ローカルのIndex.yamlファイルをリカリキュレートするには:
- ツリー表示でHelm Chartリポジトリを選択します。
- 右クリックでRecalculate Indexを選択します。
選択後にindexを非同期でカリキュレートします。
バーチャルリポジトリのMetadata Retrieval Cache Periodの調整
バーチャルリポジトリは集約するすべてのリポジトリのindex.yamlファイルを単一のindex.yamlファイルにマージします。ただし、ローカルまたはリモートリポジトリの変更ごとに集約した場合のindexのリカリキュレートは過度にリソースを消費する場合があります。

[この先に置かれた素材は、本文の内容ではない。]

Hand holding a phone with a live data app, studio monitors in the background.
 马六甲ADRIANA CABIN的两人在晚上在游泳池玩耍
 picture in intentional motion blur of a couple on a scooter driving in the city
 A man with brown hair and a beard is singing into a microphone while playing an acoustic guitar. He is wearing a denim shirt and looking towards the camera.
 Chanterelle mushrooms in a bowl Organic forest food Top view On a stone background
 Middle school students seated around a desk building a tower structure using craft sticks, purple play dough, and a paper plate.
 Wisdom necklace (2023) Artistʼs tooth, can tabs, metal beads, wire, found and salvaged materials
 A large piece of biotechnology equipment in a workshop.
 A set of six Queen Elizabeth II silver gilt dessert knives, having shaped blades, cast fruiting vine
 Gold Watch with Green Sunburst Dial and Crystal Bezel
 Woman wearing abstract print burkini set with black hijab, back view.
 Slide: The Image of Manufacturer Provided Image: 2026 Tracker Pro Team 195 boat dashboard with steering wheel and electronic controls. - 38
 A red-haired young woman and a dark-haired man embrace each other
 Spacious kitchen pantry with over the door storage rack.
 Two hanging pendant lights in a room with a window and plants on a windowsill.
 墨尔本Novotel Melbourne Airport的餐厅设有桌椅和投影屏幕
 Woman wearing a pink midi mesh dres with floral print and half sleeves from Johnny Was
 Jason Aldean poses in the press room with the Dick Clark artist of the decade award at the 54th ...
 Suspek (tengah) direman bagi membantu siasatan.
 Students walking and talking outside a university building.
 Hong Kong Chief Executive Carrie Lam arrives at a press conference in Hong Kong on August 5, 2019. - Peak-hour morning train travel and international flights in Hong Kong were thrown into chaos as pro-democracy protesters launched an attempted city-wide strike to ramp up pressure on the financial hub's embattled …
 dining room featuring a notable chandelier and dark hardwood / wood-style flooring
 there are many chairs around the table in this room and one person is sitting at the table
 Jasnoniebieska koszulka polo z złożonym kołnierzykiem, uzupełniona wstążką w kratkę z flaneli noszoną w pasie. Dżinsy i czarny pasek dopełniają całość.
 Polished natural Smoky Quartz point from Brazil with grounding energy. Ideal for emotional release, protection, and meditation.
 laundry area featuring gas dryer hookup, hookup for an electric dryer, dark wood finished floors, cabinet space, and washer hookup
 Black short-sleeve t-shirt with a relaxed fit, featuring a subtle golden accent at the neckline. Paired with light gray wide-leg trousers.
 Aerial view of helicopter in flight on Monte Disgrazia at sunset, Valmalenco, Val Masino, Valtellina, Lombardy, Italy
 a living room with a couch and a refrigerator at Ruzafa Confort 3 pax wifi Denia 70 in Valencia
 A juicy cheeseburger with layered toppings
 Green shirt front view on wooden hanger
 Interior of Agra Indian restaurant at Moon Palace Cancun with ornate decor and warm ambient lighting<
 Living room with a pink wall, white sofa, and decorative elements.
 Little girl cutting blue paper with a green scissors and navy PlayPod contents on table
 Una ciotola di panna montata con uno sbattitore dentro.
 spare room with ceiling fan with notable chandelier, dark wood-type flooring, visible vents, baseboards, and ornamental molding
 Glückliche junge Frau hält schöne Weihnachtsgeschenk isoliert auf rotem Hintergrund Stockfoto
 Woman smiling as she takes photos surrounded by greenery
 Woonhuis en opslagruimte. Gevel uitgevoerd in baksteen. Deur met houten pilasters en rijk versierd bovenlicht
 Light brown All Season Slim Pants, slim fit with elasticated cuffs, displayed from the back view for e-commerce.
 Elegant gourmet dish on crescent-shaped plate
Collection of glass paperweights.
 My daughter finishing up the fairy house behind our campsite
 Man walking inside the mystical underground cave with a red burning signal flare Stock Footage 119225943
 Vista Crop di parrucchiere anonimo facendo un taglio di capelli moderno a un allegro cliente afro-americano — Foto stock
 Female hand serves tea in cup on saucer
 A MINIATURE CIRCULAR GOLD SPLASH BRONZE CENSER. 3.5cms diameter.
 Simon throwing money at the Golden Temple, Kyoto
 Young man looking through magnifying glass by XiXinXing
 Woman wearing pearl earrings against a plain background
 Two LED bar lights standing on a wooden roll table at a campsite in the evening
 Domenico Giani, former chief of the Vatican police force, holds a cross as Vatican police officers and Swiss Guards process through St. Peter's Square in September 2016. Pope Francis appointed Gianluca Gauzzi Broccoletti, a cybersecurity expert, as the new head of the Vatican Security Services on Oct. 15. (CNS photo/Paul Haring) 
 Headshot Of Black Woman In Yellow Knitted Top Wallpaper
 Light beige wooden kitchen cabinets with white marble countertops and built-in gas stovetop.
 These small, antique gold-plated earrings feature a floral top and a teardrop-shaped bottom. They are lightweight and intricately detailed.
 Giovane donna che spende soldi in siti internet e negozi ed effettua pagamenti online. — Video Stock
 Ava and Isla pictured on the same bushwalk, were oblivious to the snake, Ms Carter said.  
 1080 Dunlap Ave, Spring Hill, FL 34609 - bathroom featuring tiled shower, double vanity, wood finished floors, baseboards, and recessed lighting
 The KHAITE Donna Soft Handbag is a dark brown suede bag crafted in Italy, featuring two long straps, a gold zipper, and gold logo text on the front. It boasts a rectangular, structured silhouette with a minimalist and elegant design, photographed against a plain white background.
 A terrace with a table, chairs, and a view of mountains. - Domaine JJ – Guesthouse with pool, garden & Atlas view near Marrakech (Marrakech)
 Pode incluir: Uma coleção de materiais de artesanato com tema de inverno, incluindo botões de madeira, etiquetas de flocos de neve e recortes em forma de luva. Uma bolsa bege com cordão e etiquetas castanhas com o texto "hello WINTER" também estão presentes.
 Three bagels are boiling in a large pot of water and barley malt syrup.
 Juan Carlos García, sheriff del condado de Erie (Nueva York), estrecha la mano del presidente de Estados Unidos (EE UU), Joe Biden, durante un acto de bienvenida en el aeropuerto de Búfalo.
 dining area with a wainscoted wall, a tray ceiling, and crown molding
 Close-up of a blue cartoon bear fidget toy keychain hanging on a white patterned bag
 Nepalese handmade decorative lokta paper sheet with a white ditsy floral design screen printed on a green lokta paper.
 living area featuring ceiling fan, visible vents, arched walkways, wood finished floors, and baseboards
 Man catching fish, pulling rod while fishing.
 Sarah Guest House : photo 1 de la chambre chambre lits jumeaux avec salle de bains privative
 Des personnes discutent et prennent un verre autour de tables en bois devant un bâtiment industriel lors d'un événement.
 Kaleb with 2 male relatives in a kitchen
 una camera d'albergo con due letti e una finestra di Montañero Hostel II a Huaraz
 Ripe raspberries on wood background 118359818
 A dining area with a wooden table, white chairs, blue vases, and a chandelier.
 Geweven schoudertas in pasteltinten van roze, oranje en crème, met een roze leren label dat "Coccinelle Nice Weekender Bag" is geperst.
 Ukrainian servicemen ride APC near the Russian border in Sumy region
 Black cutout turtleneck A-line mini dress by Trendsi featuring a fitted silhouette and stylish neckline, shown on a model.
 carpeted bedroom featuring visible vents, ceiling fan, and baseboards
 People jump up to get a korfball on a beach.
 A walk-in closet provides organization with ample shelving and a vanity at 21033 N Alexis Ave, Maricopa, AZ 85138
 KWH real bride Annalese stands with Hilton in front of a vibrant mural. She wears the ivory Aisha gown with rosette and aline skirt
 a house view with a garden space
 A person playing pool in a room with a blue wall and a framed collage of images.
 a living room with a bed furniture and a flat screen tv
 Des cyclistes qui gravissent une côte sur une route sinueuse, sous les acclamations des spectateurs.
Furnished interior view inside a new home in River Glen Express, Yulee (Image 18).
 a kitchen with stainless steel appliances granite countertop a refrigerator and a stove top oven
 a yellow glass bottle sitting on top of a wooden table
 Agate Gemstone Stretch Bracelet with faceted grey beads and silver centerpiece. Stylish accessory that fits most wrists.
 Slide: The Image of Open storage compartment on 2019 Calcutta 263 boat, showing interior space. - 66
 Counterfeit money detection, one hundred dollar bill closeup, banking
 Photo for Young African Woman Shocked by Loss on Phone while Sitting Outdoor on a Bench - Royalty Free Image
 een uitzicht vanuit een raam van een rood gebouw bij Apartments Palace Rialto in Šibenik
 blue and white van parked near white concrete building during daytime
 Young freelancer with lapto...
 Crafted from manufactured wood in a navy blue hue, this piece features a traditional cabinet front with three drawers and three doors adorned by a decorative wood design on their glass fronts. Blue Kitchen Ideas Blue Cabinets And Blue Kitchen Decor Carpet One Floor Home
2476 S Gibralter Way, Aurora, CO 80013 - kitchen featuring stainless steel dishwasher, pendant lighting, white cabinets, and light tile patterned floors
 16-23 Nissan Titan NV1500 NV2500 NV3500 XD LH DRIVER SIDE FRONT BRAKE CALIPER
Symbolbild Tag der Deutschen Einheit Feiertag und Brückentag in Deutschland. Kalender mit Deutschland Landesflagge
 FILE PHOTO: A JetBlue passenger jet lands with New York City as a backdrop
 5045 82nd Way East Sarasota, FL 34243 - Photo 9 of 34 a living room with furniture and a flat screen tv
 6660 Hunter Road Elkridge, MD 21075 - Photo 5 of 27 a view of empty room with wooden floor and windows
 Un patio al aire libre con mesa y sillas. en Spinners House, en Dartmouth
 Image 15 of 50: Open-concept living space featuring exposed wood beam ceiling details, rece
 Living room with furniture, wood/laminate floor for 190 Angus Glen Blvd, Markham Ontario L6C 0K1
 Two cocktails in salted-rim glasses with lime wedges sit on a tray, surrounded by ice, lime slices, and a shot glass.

リモートリポジトリの変更ごとに集約したindexのリカリキュレートを防ぐためにはキャッシュを使用してバーチャルリポジトリのMetadata Retrieval Cache Periodで設定した間隔でリカリキュレートします。デフォルトでは適切な値として10分が設定されていますが、集約されたリポジトリに対して頻繁な変更が発生するようであれば値を低く設定し、リカリキュレート間隔を短くすることができます。
またキャッシュをクリアすることでいつでも手動でインデックスのリカリキュレートをすることができます。これはキャッシュの「ザッピング」と呼ばれ、以下のように呼び出すことができます:
Artifactoryでキャッシュのザッピングをするには:
- Artifactsモジュールのツリー表示からザッピングするバーチャルリポジトリを選択します。
- 右クリックでZap Cachesを選択するかドロップダウンメニューでActionsを選択します。
JFrog CLIはHelm Chartのデプロイに効果的
Helmクライアントは現状、Helm Chartのデプロイをサポートしていないため、JFrog CLIを使ってHelm Chartを公開またはアップロードできます。
例えば以下のようにJFrog CLIアップロードコマンドを使ってすべてのtgzファイルをheml-localにアップロードします:
jfrog rt u "*.tgz" helm-local
Helm Chartを作成する一般的な方法についてはThe Chart Best Practices Guideを参照してください。